INFORMATION SHOWN
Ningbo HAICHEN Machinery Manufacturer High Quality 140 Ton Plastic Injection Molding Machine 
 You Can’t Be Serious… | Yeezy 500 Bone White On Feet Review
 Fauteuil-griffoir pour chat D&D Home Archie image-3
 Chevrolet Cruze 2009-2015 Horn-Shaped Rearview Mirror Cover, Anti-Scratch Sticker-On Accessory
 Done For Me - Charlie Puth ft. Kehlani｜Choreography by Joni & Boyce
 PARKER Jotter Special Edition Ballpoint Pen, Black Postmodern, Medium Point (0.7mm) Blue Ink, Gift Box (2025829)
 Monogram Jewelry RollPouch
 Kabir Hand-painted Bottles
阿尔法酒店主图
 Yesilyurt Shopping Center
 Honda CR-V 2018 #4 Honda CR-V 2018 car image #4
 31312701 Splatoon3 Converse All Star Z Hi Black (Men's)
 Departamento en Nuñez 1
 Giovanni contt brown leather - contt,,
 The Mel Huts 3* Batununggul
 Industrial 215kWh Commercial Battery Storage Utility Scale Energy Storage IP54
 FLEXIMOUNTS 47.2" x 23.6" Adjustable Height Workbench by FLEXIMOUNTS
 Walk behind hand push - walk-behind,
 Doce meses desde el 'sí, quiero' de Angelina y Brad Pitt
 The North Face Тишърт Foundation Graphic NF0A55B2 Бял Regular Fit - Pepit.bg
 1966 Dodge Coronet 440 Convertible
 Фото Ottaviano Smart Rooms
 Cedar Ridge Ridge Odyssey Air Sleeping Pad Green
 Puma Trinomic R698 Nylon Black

WORK REQUIRED
Across the material, how many lines contain "image"? The reply must be that number and nothing else.

SOLVED PROBLEM
2